The main memory (DRAM) latency has been more or less similar, though.

>is picking the right data memory layout more or less important than before?

It has always been important, it's not about the latencies per se but the locality, which has been the case for more than two decades. The general rules are:: 1st, if you data set is small, e.g. N is tiny - it's effectively O(1) (as N is a constant), 2nd) pick bigO that works best [usually O(1) or O(logN)], 3rd) big the datastrtucture with the best locality.

menaerus · 2025-02-11T17:12:47 1739293967

> That's actually not the case

I don't know where do you get the data but the latencies are surely not decreasing and 2 cycles for L1 is totally wrong. I should have perhaps been more specific that under latency I actually meant latency in terms of CPU cycles not the actual number (ns) which obviously depends on the CPU frequency.

Examining the few past generations of both Intel and AMD microarchitectures this is what I concluded. L1 is between 4 and 6 cycles. L2 on Intel is between 12 and 16 cycles whereas AMD is roughly around that but 1-2 cycles faster. L3 on AMD is ~40 cycles where L3 on Intel goes anywhere between 60 and even up to 120 cycles.

It is an engineering feat to increase the capacity of the cache without sacrificing a little bit of latency. It happens that the latency increase is sometimes less visible due to some other effects but generally speaking this is what happens.

> The main memory (DRAM) latency has been more or less similar, though.

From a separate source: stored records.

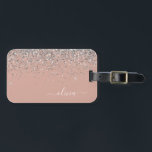 Rosa Rose Gold Silber Glitzer Monogram Gepäckanhänger<br><div class="desc">Rose Gold - Schwarz Rosa und Silber Sparkle Glitzer Monogram Name Gepäcktafel Tag. Das macht den perfekten 16 Geburtstag,  Hochzeit,  Brautparty,  Babydusche oder Junggeselinnen-Abschied Geschenk für jemanden,  der sein Zimmer stilvoll dekoriert.</div>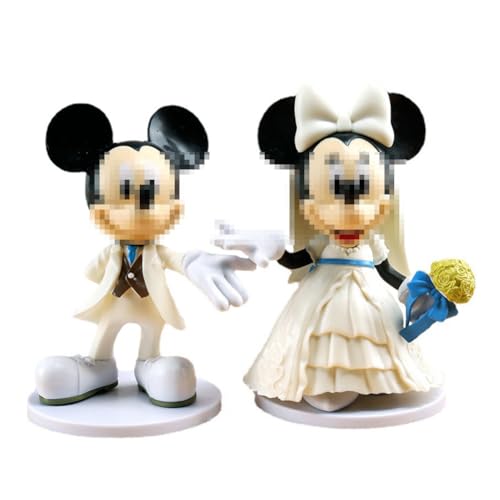 Min-nie Figuren Set, 2 pcs Hochzeitsdekorationen, Tortendeko-Set, Zeichensatz und Hochzeitsfigur, Lustiges Brautpaar, Weißes Hochzeitsdekorationsgeschenk von Gujey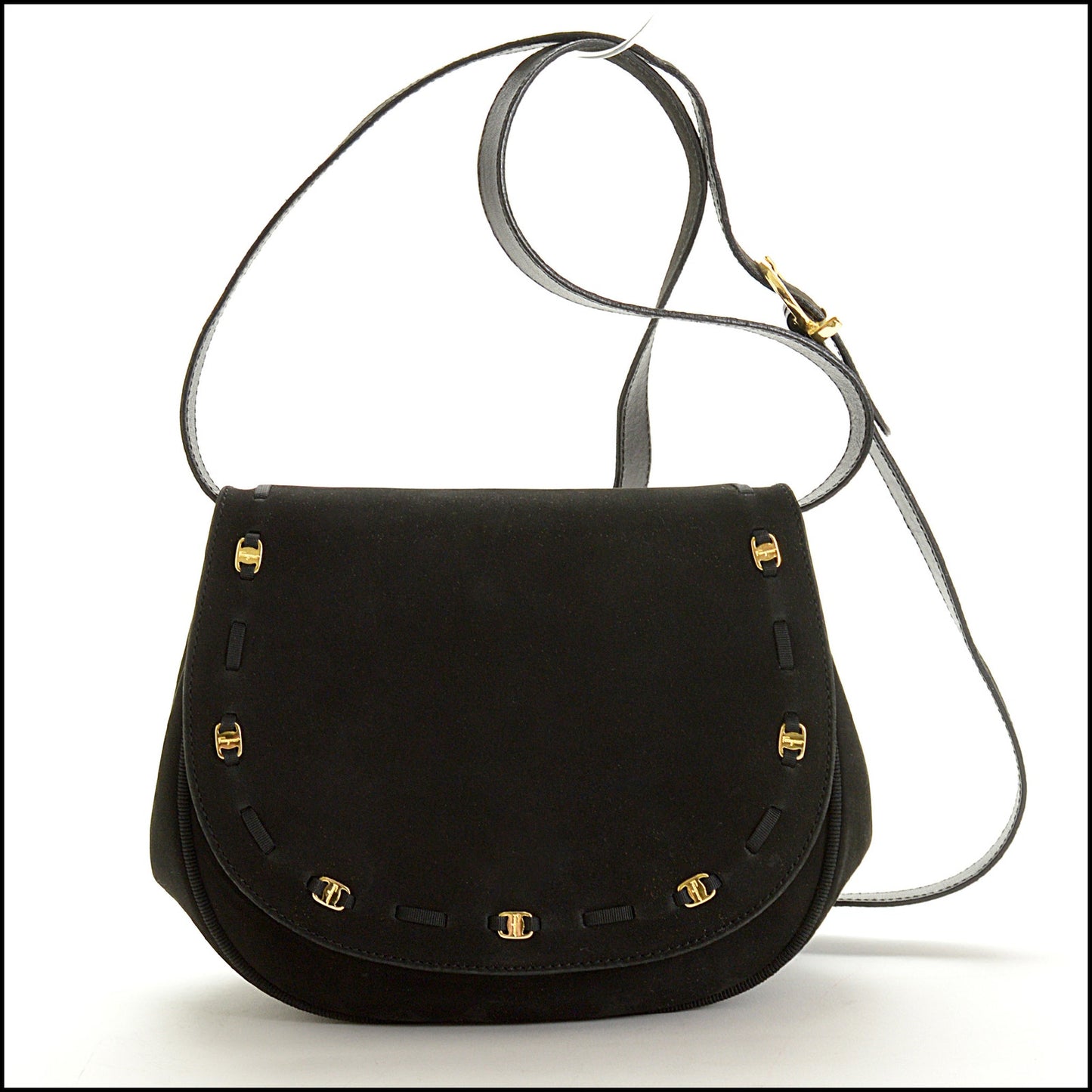 RDC15075 SALVATORE FERRAGAMO Black Suede & Leather Crossbody Bag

~70ns of DRAM latency in a CPU core running @3Ghz is different than the core running at @5Ghz. Former is ~200 cycles while the latter is ~400 cycles. So, the higher the core clock is, higher the latency is in terms of CPU cycles stalled.

> It has always been important

Yes, I am aware of that and I am only trying to make a case for the parent comment since it was asking for a clarification why would it be more important today than it had been (at all) in the past.

> it's not about the latencies per se but the locality

I think it's vice versa because the actual issue we are trying to mitigate is the high DRAM latency. As a consequence it just happens that we use data locality to minimize those effects.

naasking · 2025-02-13T15:51:56 1739461916

The answer is obvious, but I don't really consider that evidence of systems programming and complexity analysis diverging. When approaching any given problem, you would still start with a basic complexity analysis to get in the right order of magnitude, and then select among cache-friendly approaches that fall in that range. You almost never go the other way around.